Teacher who saved students found within Sewol
Yoo’s 31-year-old brother recognized the remains of his sister even after 53 days under the waters of the Yellow Sea.
“She’s wearing the ring she bought with her boyfriend,” he said aloud.
Yoo’s mother collapsed to the ground calling out her name. Her father shed tears but looked peaceful after the family’s very long wait to be reunited with their lost daughter.
A few hours earlier, Yoo’s body was retrieved from the third floor of the sunken ferry by divers searching for the remains of missing passengers and crew members.
After retrieving some 260 bodies in the first five weeks following the April 16 accident, divers weren’t able to penetrate certain sections of the wreck in fear of structural collapse and other obstacles. In the past five days, they have managed to get to new areas and find three bodies.
Survivors of the accident say that Yoo was in her cabin on the fifth level when the Sewol started to list on the morning of April 16.
She descended to the fourth floor to tell her 11th-grade students, who were on a class trip to Jeju Island, to put on their life jackets and escape.
Of the 75 students who escaped from the Sewol that day, 19 were from Yoo’s homeroom.
Subsequently, Yoo heard there were more students on the third floor obeying orders from the ship’s crew to remain in their cabins and went down another level to help them get out.
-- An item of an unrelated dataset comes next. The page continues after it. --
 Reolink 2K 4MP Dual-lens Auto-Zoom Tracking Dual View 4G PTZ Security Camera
That was the last time survivors saw her.
Yoo’s body was found in the cafeteria on the third level of the ship without a life jacket. It’s not known if she gave her life jacket to one of the students who didn’t get out.
“When the ship was capsizing many of the passengers called [their family members], but she did not,” Yoo’s father said. “I guess she was busy saving students.”
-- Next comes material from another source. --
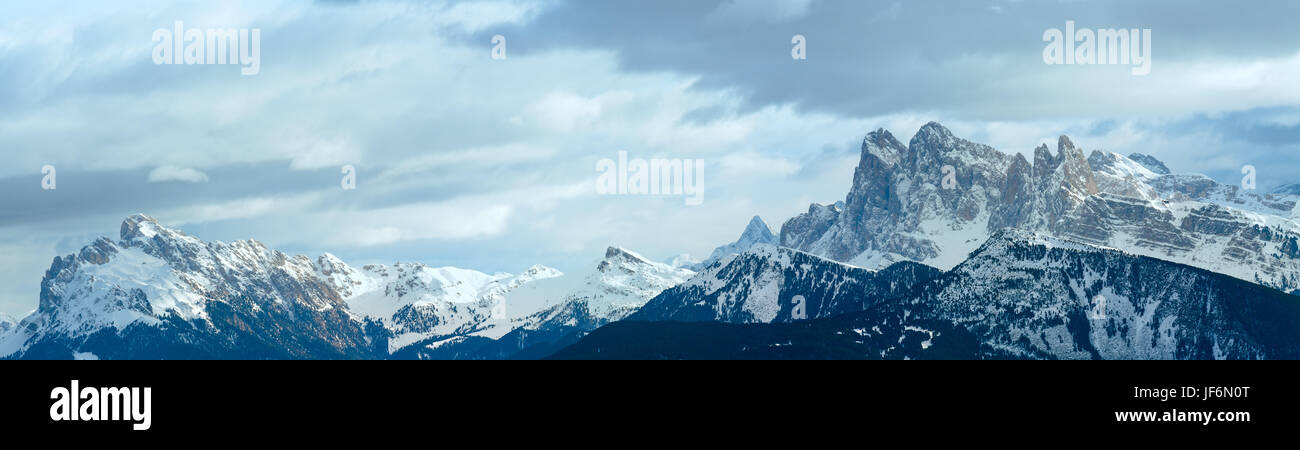 Beautiful winter mountain panorama Stock Photo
After graduating from Gyeongsang National University in Jinju, South Gyeongsang, in 2011, Yoo began teaching at Danwon High School in Ansan, Gyeonggi.
Her parents say Yoo frequently visited them even after she moved to Ansan.
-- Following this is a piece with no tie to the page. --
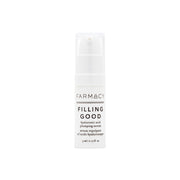 A bottle of Farmacy's Filling Good Mini Hyaluronic Acid Plumping Serum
For students, she was a friendly teacher who was passionate about her subject, the Japanese language. To make the lessons more fun, she would put on costume masks of famous sumo wrestlers and bring in Japanese dishes to eat.
Survivors from the accident put up posters in her classroom when they returned home.
“You were like our friend,” read one. “Let’s eat something delicious again.”
Another one read, “Ms. Yoo, I love you and miss you. Come back soon.”
“I’m really thankful to the volunteers and the authorities,” Yoo’s father said after identifying his daughter’s remains. “I hope the remains of other people missing in the Sewol can be returned to their families as soon as possible.”
Later Sunday, divers recovered another body from a fourth-floor cabin near the bow of the sunken ferry. The 292nd victim was Ahn Jung-geun, a 17-year-old Danwon student.
After the remains of Yoo and Ahn were found on Sunday, the number of victims went up to 292.
Twelve people who were on the ship are still missing, six of them Danwon students.